BEGIN

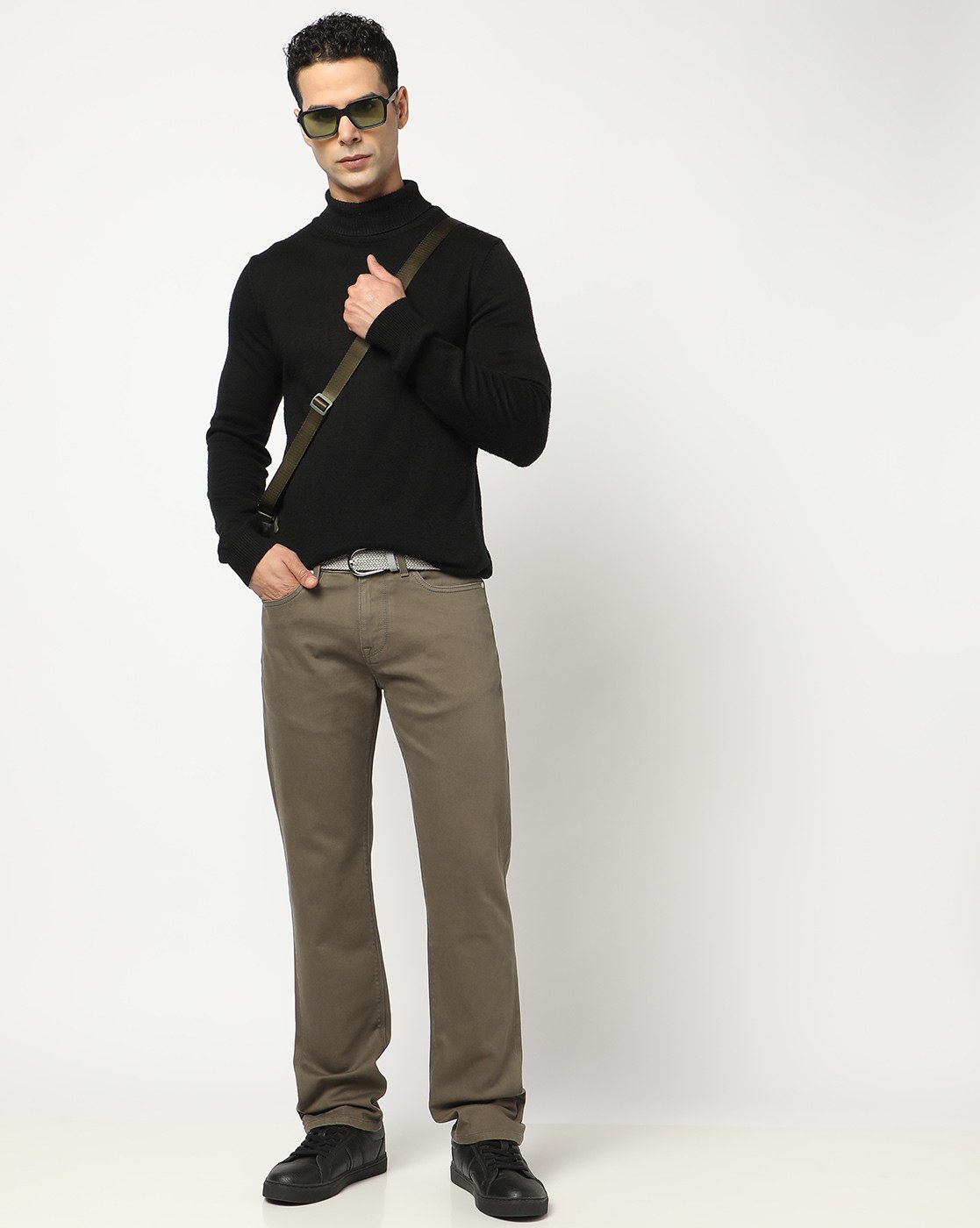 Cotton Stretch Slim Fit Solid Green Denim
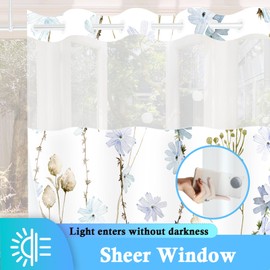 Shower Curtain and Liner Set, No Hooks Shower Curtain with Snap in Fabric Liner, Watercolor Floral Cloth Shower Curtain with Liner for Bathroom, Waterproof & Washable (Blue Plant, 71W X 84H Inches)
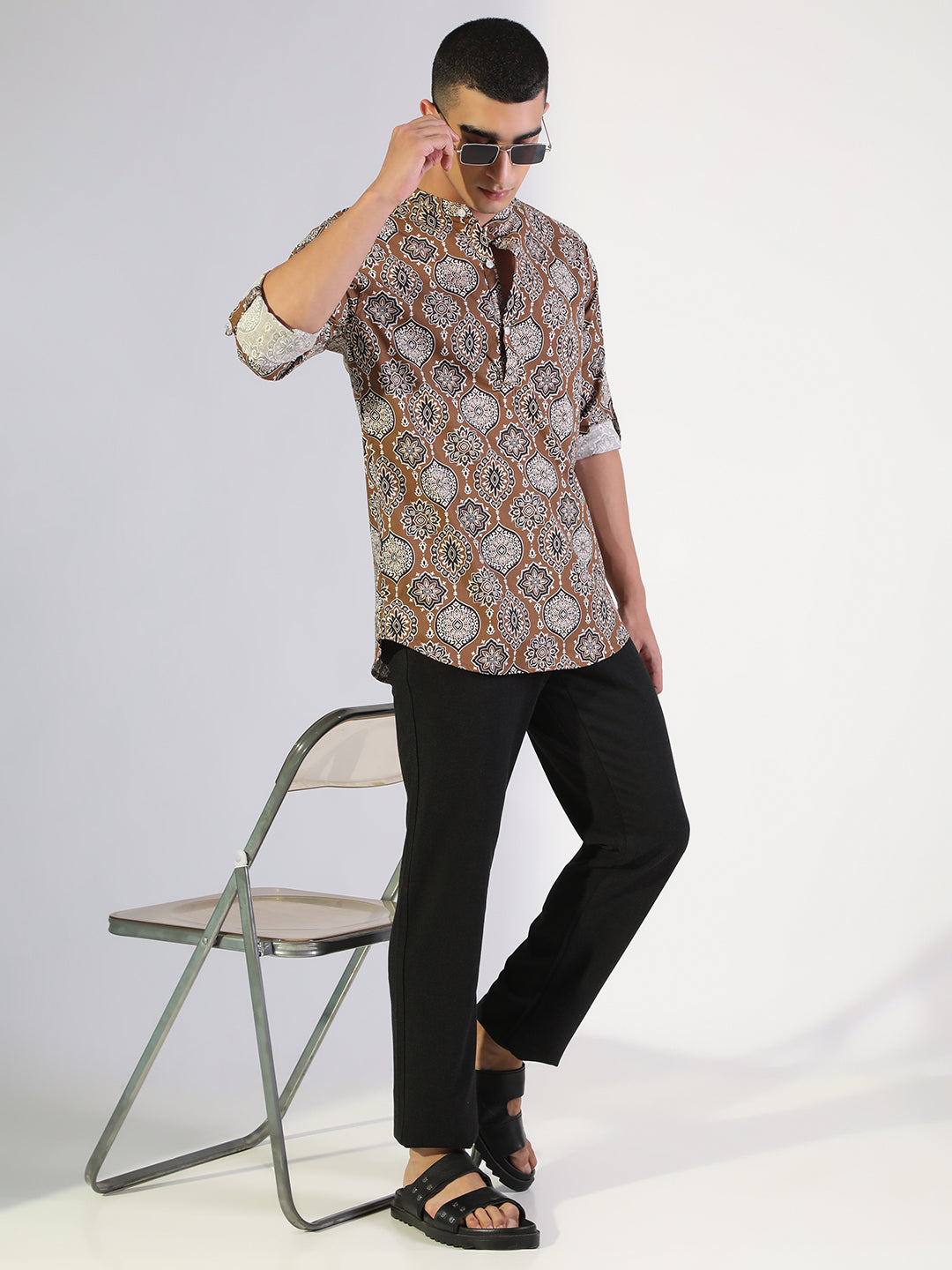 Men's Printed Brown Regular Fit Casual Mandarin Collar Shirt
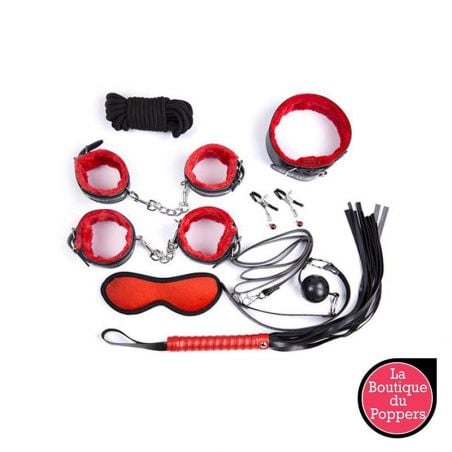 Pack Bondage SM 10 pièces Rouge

END
BEGIN

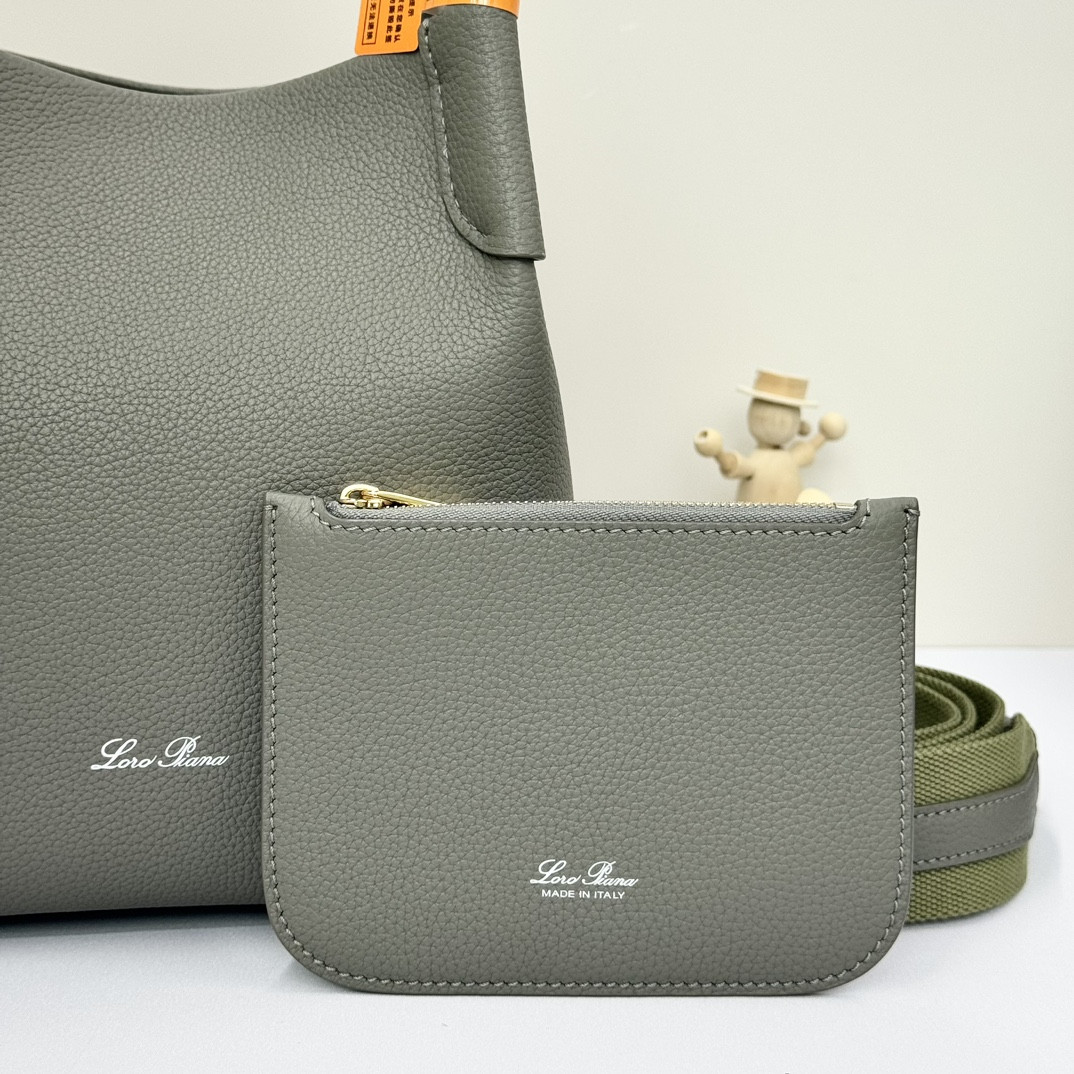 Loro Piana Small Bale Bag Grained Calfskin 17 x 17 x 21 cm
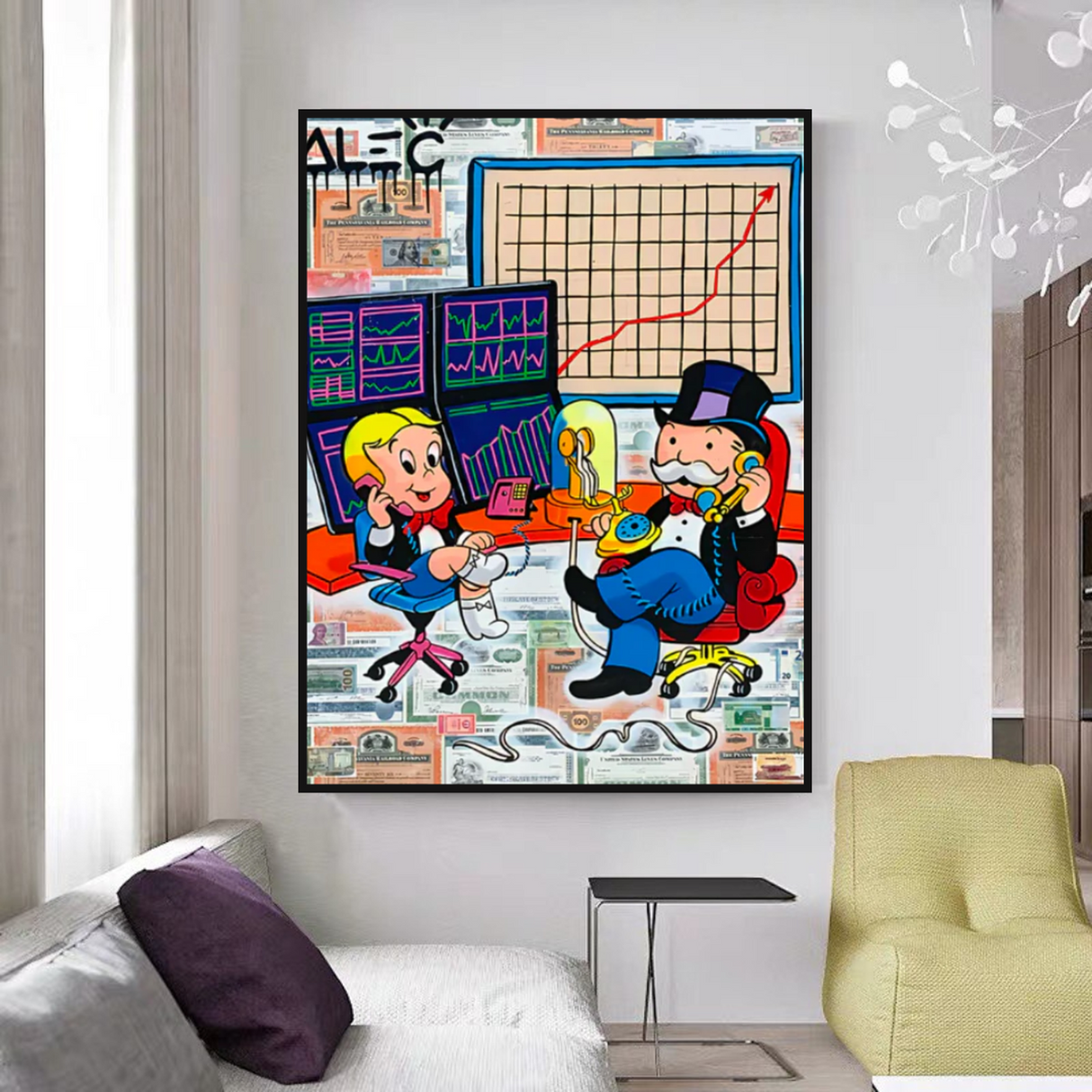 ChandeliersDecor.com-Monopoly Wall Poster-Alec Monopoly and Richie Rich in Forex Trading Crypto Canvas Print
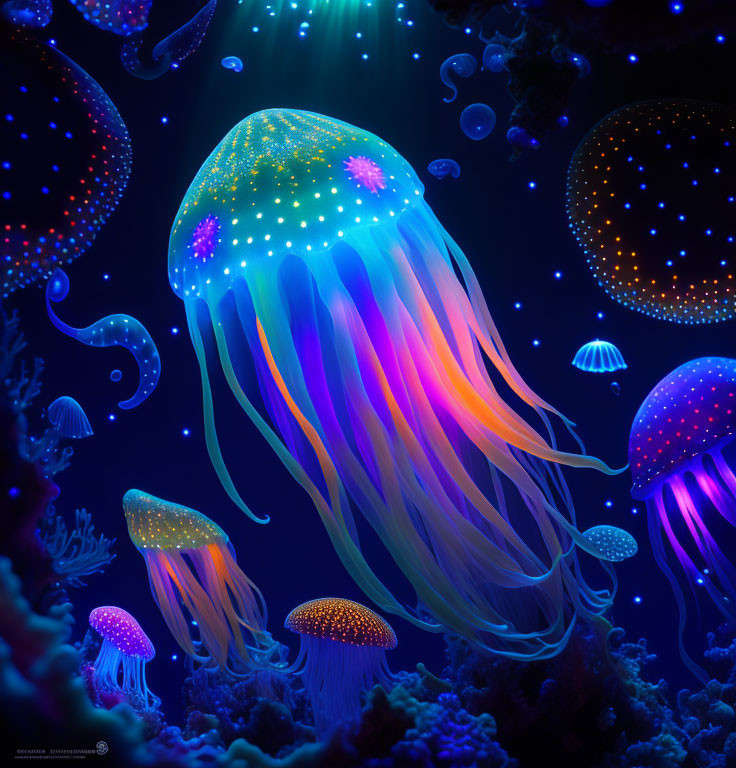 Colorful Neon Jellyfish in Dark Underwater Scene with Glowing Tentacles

END

(Directions):
The expected output is the lines above from the one containing "Cotton Stretch Slim Fit Solid Green Denim" to the one containing "Pack Bondage SM 10 pièces Rouge", both ends included, reproduced exactly with every picture left out.

(Output for this task):
 Cotton Stretch Slim Fit Solid Green Denim
 Shower Curtain and Liner Set, No Hooks Shower Curtain with Snap in Fabric Liner, Watercolor Floral Cloth Shower Curtain with Liner for Bathroom, Waterproof & Washable (Blue Plant, 71W X 84H Inches)
 Men's Printed Brown Regular Fit Casual Mandarin Collar Shirt
 Pack Bondage SM 10 pièces Rouge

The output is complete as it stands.